GIVEN DATA
....

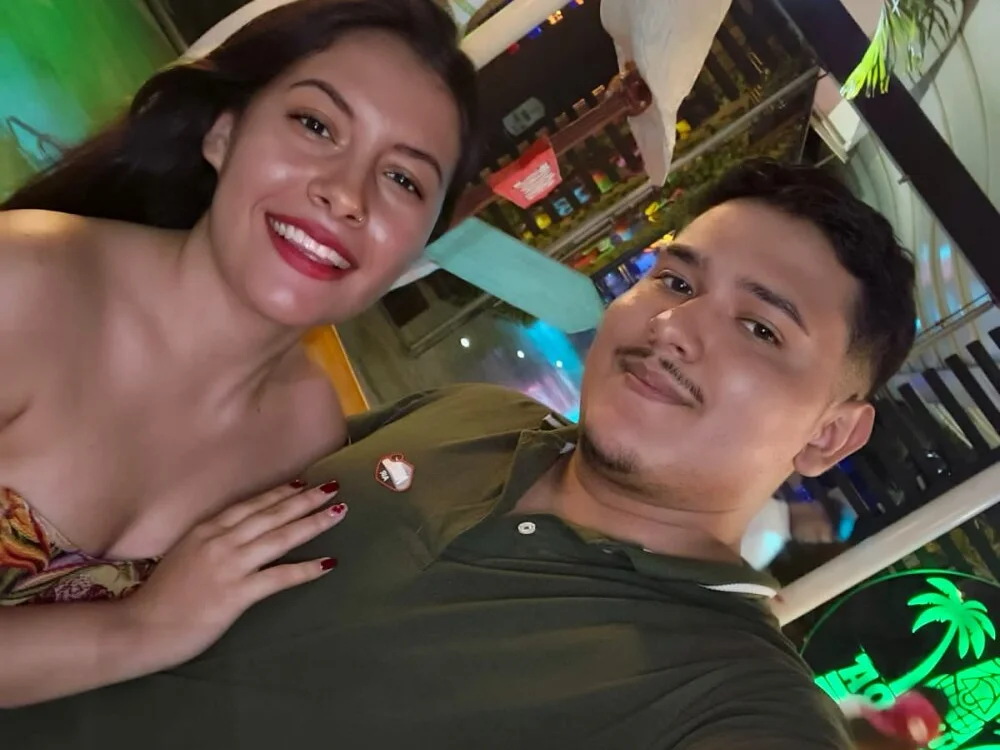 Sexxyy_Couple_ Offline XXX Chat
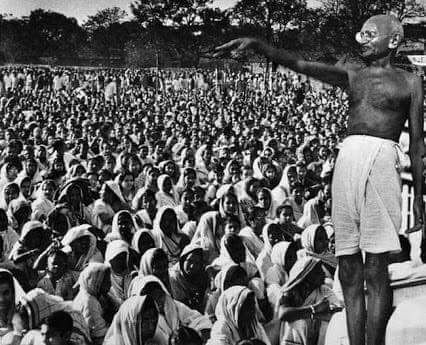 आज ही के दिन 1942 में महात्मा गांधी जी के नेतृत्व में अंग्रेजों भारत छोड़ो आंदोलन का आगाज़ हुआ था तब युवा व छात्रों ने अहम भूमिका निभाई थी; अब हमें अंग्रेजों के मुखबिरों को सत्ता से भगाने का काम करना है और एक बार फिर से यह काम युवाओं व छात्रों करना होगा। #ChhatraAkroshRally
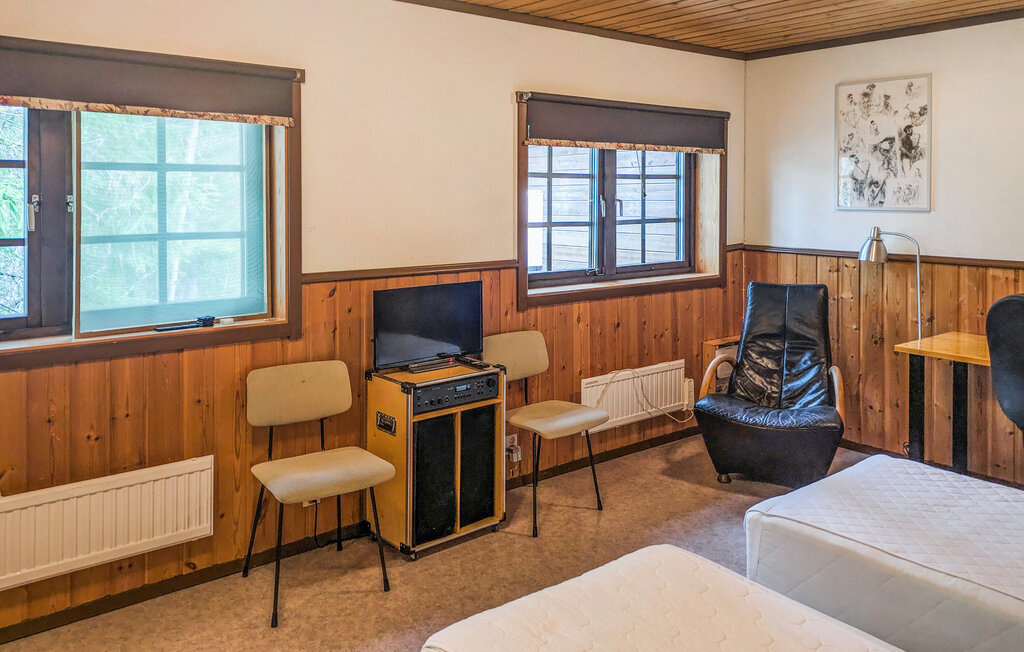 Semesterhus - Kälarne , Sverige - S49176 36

....

Repeat the material above exactly; pictures do not belong in the copy.

SOLVED EXERCISE
 Sexxyy_Couple_ Offline XXX Chat
 आज ही के दिन 1942 में महात्मा गांधी जी के नेतृत्व में अंग्रेजों भारत छोड़ो आंदोलन का आगाज़ हुआ था तब युवा व छात्रों ने अहम भूमिका निभाई थी; अब हमें अंग्रेजों के मुखबिरों को सत्ता से भगाने का काम करना है और एक बार फिर से यह काम युवाओं व छात्रों करना होगा। #ChhatraAkroshRally
 Semesterhus - Kälarne , Sverige - S49176 36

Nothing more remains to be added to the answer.